503 Maintenance Mode, nginx, CORS, POST

It took me a while to mix “maintenance mode”, CORS preflight responses, and nginx into a coherent picture. It was painful, friend. If you have the same problem I hope you read on and save yourself the trouble.

What are we dealing with here? We have a HTTP API which serves data to a browser–based client. Our API is proxied by nginx, and nginx also handles CORS responses. We’d like to place a file on our appserver which causes nginx to stop proxying requests, and instead start issuing 503 Service Unavailable responses—a “maintenance mode”.

One of the first things you’ll find when trying to get such a mode working is this snippet:

if (-f $document_root/maintenance.html) {
  return 503;
}

error_page 503 @maintenance;
location @maintenance {
  rewrite ^(.*)$ /maintenance.html break;
}

This looks pretty good. We get the proper HTTP 503 status code, and some human readable text—whatever we included in the maintenance.html file. Although there’s the nebulous IfIsEvil, we’re using a return which is one of the safe statements [1].

However, any API requests which necessitate CORS checks—especially preflighting—aren’t going to fly here (har har). We’ll need some extra headers:

if (-f $document_root/maintenance.html) {
  return 503;
}

error_page 503 @maintenance;
location @maintenance {
  add_header 'Access-Control-Allow-Origin' '*';
  rewrite ^(.*)$ /maintenance.html break;
}

Great, almost time for the pub. Let’s just check that a typical API request works:

$ curl -X POST -i https://api.example.org/

HTTP/1.1 405 Not Allowed
Server: nginx
# snip

Fiddlesticks. So we cop a 405 Not Allowed rather than a 503 Service Unavailable because our POST is internally redirected to a static file (maintenance.html). nginx rightfully isn’t happy about us retrieving a static with such a verb.

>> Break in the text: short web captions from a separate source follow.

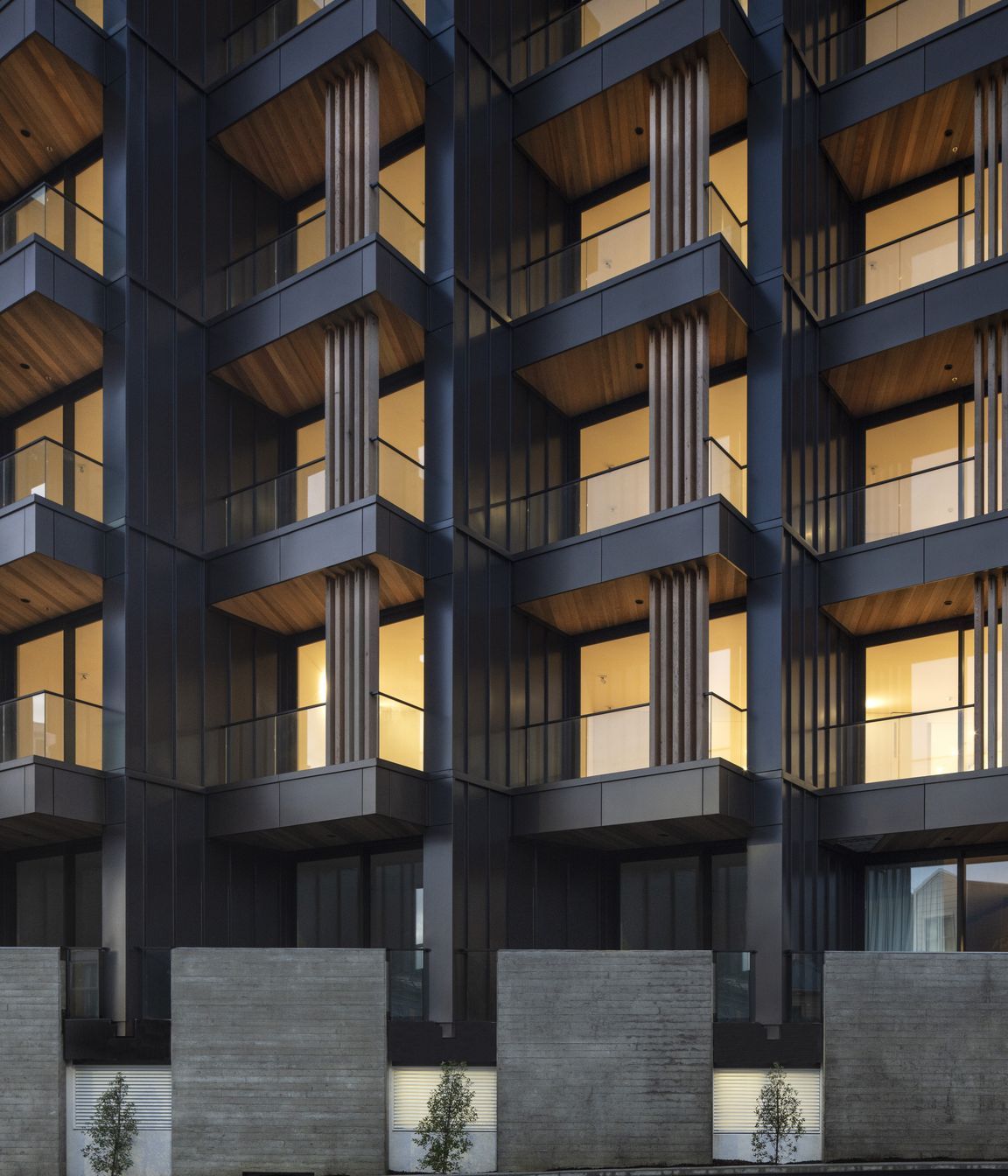 The materiality of the exterior features shades of warm bronze long run metal cladding, paired with cedar soffits.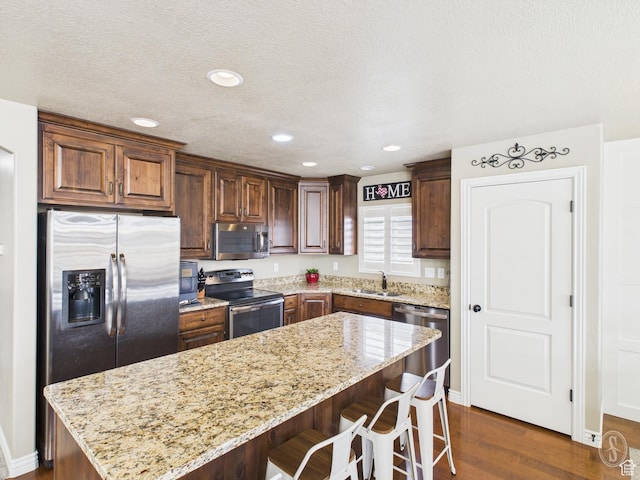 kitchen featuring light stone countertops, a sink, stainless steel appliances, dark wood-type flooring, and a kitchen island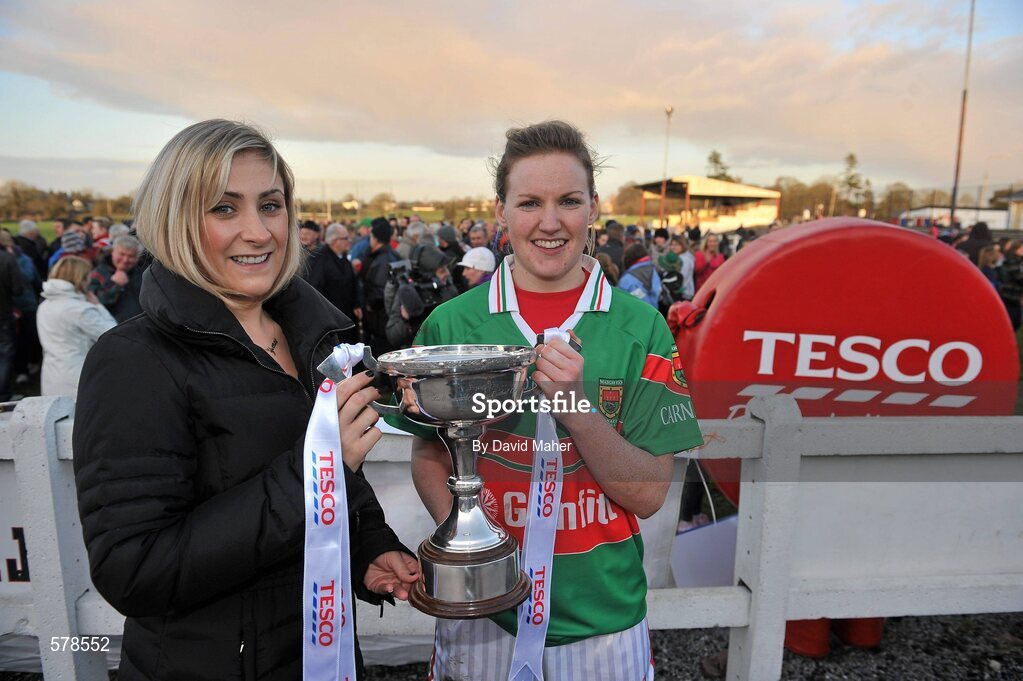 27 November 2011; Carnacon captain Fiona McHale with Yvonne Delaney, Tesco, celebrates after winning the Tesco All-Ireland Senior Ladies Football Club Championship Final. Tesco All-Ireland Senior Ladies Football Club Championship Final, Carnacon v Na Fianna, Ballymahon, Co. Longford. Picture credit: David Maher / SPORTSFILE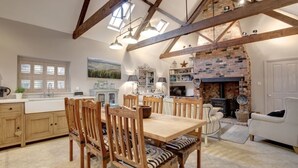A spacious kitchen with wooden beams, a brick fireplace, and a dining area with wooden chairs. - The Foundry - sleeps 6 guests  in 3 bedrooms (Burnham Market)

As far as I can tell, the only way to modify the request verb within nginx is to proxy the request. This requires something to proxy to, so we create a new named location and upstream:

error_page 503 @maintenance;
location @maintenance {
    proxy_method GET;
    proxy_pass http://maintenance_upstream;
}

upstream maintenance_upstream {
  server unix:/path/to/socket;
}

server {
  listen unix:/path/to/socket;
  server_name _;
  root /path/to/statics/;
  add_header 'Access-Control-Allow-Origin' '*';
  rewrite ^(.*)$ /maintenance.html;
}

Now we can serve 503 responses to POST requests too.

$ curl -X POST -i https://api.example.org/

HTTP/1.1 503 Service Unavailable
Server: nginx
# snip

One last nicety—we’re serving human-readable HTML to describe our maintenance status, but how about something for the machines too? Let’s modify the “maintenance server” to switch on the Accept header.

map $http_accept $maintenance_filename {
  default "maintenance.html";
  ~application/json "maintenance.json";
}

server {
  listen unix:/path/to/socket;
  server_name _;
  root /path/to/statics/;
  add_header 'Access-Control-Allow-Origin' '*';
  rewrite ^(.*)$ /$maintenance_filename;
}

Where maintenance.json contains something like:

{
  "status": "maintenance",
  "detail": "Engineers are investigating a
             hovercraft/eel capacity issue"
}

Now we have the ability to communicate maintenance status to API clients, and to give some detail about it.